Cela redéfinit forcément la notion même de « carrière ». L’essayiste Elisabeth Soulié, autrice de La génération Z aux rayons X, note qu’au lieu d’anticiper les étapes de leur aventure professionnelle, les Z vont vouloir vivre des expériences qui pourront développer leur potentiel. Elle rappelle l’importance du turnover, et la difficulté grandissante des entreprises à retenir les jeunes talents. « On pourrait penser qu’ils ont la bougeotte, il n’en est rien » : ils ne se perçoivent simplement pas comme « binaires ». Travailler et prendre du plaisir, ce n’est pas contradictoire. Loin de là.
Le système ? C'est entre mes potes et moi
La génération Z est plus prudente et réaliste que la génération Y, mais aussi moins insouciante, constatent Daniel Ollivier et Catherine Tanguy. Elle est marquée par le terrorisme, la précarité du marché du travail et les questions climatiques.
Louis identifie deux tendances chez ses camarades de promo : un « noyau dur encore très corpo » qui va jouer le jeu du premier job aux horaires décadents, « du 9 heures – 22 heures » dans certains cas, avec des allers-retours hebdomadaires en avion juste pour aller voir un client. Mais c’est loin de faire toujours autant rêver. « Assez logiquement, on va chercher des boîtes de conseil un peu moins connues, plus friendly dans leur approche. Un autre groupe se dessine, beaucoup plus engagé, qui veut promouvoir un business nouveau et de nouvelles manières de travailler. Il s’agit parfois de très bons étudiants, qui font des masters innovants et vont chercher des boîtes de biotech ou de finance verte, ou encore partir sur des terrains totalement différents comme celui de l’activisme féministe radical. »
En clair : les jeunes n’hésitent pas à s’écarter du chemin si celui-ci ne leur convient pas.

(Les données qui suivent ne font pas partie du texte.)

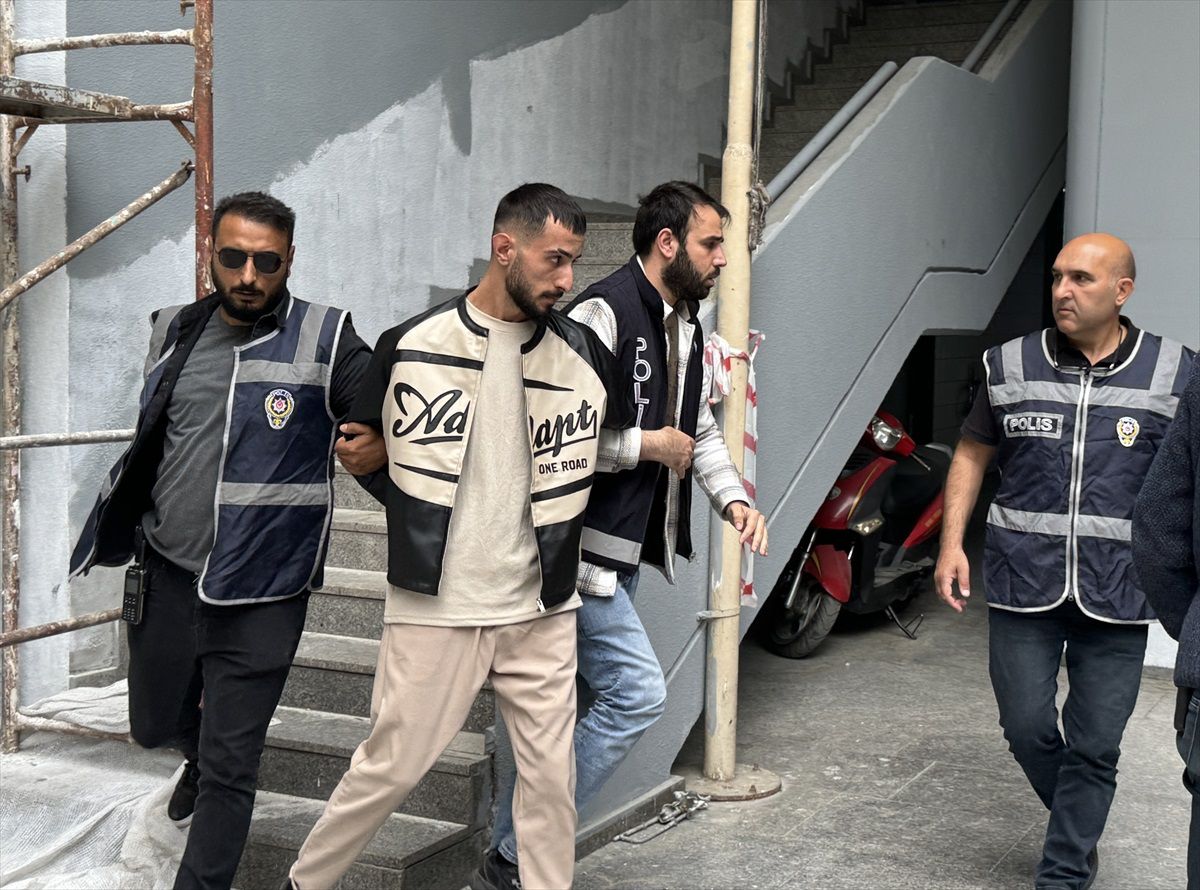 Bornova\'da kuyumcunun öldürülmesiyle ilgili zanlı yakalandı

À peine entré dans la vie active, Louis se pose des questions. « A-t-on vraiment envie d’une vie urbaine ? Avec mes potes, on est plutôt du genre à vouloir acheter une baraque dans le Perche à plusieurs, à partir à Lyon, et surtout à être en télétravail à plein temps. Dans l’idéal, j’aimerais vivre pleinement mes passions la majorité du temps. Faire de la musique, vivre avec des amis, profiter de la nature, et pourquoi pas proposer des séminaires créatifs à d’autres structures. »

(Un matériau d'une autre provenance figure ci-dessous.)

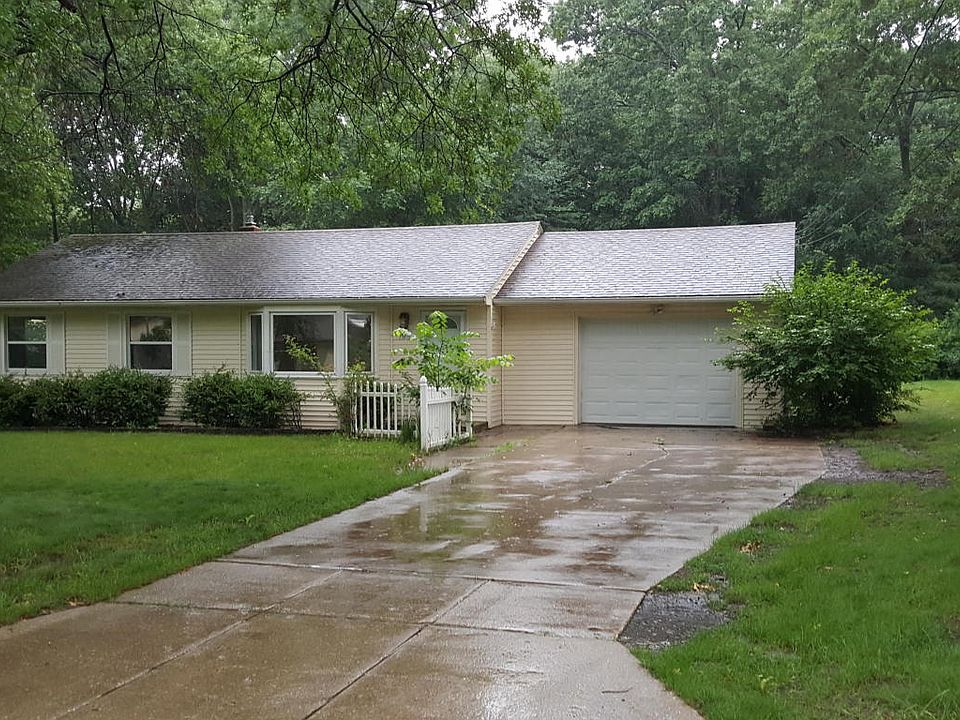 1st image of 1908 Thrushwood Ave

Elisabeth Soulié note que les jeunes s’imaginent volontiers en tribu. « Ils ne se voient pas seuls face au travail. Ce sont des jeunes qui ont besoin de faire les choses ensemble, de manière collaborative et coopérative », y compris au travail. Même constat pour Daniel Ollivier et Catherine Tanguy. Dans leur ouvrage, ils évoquent des jeunes en recherche de structures librement choisies, plutôt que de trouver leurs repères dans les schémas traditionnels que sont la famille, la classe sociale, le conjoint ou l’entreprise. Une libération qui n’est pas sans conséquence, et qui se traduit par un vide identitaire. « La quête d’identité va donner lieu à un regroupement en tribu, avec pour liant une consommation rituelle. »
Ce côté tribal est accentué par l’hyperconnexion des Z. En contact permanent avec leur entourage, ils n’imaginent pas leur vie sans la force du collectif. Et ils assument le paradoxe : vivre en collectif ne signifie pas effacer leurs aspérités personnelles. « La vocation des jeunes n’est pas de se fondre dans un groupe animé par un idéal commun. Chacun veut pouvoir cultiver sa différence et exprimer ses opinions sans devoir se soumettre à une discipline collective », estiment les experts.
Le top des entreprises ? Celles qui me ressemblent !
Ce n’est plus parce que l’on suit un cursus prestigieux que l’on cherche à rejoindre une société cotée en Bourse. Un sondage réalisé par l’institut YouGov pour L'ADN révèle ainsi que la notoriété d’une entreprise n’est un critère de choix que pour 9% des 18-24 ans en France. Alors que les entreprises doivent être des actrices sociétales. Le Manifeste étudiant pour un réveil écologique, lancé en septembre 2018 par plusieurs étudiants et étudiantes de grandes écoles, le prouve : les signataires du manifeste s’engagent à ne pas travailler pour des entreprises qui ne seraient pas en accord avec l'urgence écologique.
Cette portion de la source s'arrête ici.